[erlang-questions] Adoption of perl/javascript-style regexp syntax

Thu Jun 4 08:57:44 CEST 2009

Hi,

On Thu, Jun 4, 2009 at 04:09, Richard O'Keefe <ok@REDACTED> wrote:
> On 3 Jun 2009, at 9:35 pm, Vlad Dumitrescu wrote:
>> I suppose that you mean something like "embedded strings in a language
>> are wrong when representing anything else than plain text". And I
>> couldn't agree more, they are evil - strings that represent for
>> example a regexp should be a different data type than a text message
>> string.
>
> If we agree about that, everything else is less important.

Very good, then we'll just have to sort out the devil that's in the
details :-) I think most of the controversy in this thread is caused
by the fact that each and everyone of us have our own baggage of
presuppositions, making us not really talking about the same things.

>> Yet we don't do that because the textual representation has
>> some advantages: it's easier to read, it is higher level, it's easier
>> to modify and we're not bound to a specific internal representation.
>
> It may be easier to READ, but it is far harder to WRITE correctly.
> As for modifying, no, it is NOT easy to read.  And strings *are*
> a specific internal representation.

I see strings as an external representation, I don't know of any
regexp engine that doesn't compiel them into something else.

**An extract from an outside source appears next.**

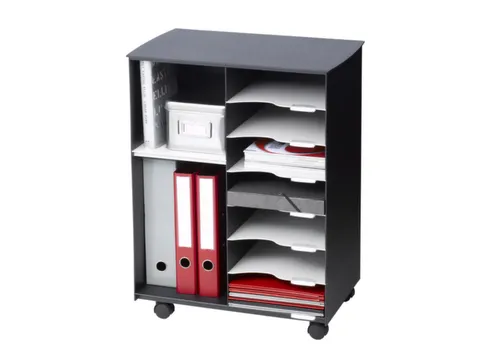 transportwagen,HxBxD 699x545x335mm,7vakken,romp grijs/zwart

>> Regexps are (as you say) a structured datatype. Nobody disagrees. But
>> we have a widespread, standard and compact way to represent them.
>
> Wrong.  We have *many* ways to represent them.  We have shell
> syntax, understood by fnmatch() and glob().  We have two POSIX
> <snip>

The compact way I was referring to was as a string. The syntax of the
string's content is another issue.

> And this is another reason why trees are better.
> Because we can express a regular expression in a way that is
> independent of the target linear notation.

Only if we use the same tree representation. If each of us were to
write implementations of this library, we would get incompatible ones
(different names, maybe even different basic elements). If we use the
same library, then we could just as well agree on using POSIX string
syntax.

For me, the linear notation is not a "target" notation, it is a
"source" notation.

>> Given a compiler
>> that understands this, the following examples will generate exactly
>> the same code:
>>   identifier() -> {seq,{cset,letters()},{star,{cset,continuers()}}}.
>>   identifier() -> "{letters}{continuers}*".
>> I know which one I find easier to read and understand.
>
> Me too:  the first one.  Because the second one is a literal string.
> It contains the _text_ l,e,t,t,e,r,s, but not in any reasonable sense
> the _identifier_ letters.  I can create the first one AT RUN TIME.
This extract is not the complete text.